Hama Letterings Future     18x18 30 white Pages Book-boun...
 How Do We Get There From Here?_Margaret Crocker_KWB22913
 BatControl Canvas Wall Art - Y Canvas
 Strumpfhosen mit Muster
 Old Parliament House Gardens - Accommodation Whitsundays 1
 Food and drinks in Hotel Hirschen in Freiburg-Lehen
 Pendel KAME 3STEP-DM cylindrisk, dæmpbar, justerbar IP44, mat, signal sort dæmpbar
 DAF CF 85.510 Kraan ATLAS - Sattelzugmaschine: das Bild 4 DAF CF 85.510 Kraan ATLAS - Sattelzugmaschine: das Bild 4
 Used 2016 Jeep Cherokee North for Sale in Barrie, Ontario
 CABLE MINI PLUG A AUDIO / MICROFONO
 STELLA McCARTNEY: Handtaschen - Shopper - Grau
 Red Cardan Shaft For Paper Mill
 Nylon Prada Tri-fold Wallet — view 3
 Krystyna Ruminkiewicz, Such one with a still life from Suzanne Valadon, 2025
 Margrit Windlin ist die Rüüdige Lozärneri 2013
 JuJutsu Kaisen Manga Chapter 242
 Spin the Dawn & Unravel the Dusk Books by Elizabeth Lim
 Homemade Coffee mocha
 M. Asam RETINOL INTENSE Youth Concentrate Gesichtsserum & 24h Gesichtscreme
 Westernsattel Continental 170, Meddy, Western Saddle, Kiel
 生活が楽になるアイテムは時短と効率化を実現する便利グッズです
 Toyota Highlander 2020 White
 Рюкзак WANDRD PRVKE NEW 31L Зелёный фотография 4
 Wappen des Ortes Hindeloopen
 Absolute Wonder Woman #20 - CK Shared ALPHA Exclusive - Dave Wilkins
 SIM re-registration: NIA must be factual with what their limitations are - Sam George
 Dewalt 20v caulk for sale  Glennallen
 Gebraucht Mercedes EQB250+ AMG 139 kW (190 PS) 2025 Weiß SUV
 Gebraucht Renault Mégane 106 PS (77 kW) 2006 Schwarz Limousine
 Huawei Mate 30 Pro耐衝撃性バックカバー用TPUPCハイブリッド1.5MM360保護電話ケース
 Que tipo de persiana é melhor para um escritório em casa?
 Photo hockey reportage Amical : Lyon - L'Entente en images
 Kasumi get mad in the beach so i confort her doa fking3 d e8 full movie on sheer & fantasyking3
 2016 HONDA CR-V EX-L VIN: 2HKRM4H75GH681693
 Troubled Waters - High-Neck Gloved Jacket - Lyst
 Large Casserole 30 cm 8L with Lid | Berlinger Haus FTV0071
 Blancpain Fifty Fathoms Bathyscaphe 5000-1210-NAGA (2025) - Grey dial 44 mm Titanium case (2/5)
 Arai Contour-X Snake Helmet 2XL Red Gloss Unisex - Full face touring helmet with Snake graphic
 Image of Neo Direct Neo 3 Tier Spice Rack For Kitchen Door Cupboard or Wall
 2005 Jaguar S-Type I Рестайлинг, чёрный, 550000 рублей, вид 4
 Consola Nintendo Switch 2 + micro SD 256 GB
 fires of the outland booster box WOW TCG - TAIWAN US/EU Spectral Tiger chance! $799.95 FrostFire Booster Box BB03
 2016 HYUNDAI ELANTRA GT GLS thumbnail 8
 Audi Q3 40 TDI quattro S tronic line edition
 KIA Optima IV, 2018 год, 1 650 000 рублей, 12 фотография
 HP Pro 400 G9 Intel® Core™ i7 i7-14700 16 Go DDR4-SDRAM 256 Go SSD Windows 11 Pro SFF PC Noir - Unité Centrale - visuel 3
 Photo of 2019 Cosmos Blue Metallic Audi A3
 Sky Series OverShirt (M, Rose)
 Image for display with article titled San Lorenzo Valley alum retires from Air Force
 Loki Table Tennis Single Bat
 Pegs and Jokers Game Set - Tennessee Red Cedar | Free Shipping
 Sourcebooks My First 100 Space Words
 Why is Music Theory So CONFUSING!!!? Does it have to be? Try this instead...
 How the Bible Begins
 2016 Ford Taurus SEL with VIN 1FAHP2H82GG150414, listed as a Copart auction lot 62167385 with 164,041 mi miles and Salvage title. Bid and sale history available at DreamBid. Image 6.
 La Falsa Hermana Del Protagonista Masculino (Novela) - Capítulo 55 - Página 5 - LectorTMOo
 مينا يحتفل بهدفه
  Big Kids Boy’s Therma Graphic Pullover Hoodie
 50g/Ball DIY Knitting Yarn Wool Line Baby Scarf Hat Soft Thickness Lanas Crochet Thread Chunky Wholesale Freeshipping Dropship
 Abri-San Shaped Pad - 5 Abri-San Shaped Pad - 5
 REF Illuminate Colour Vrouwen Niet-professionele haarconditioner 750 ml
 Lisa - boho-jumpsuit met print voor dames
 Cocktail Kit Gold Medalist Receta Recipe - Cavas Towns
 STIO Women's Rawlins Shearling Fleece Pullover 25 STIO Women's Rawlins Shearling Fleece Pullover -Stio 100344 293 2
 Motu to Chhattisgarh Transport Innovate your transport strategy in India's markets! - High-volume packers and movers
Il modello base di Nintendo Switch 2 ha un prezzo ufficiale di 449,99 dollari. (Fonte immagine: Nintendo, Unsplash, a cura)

## AIM OF THE TASK
In the data above, each line holding "Photo" is to be found and copied.

## SOLUTION TO THE EXERCISE
 Photo hockey reportage Amical : Lyon - L'Entente en images
 Photo of 2019 Cosmos Blue Metallic Audi A3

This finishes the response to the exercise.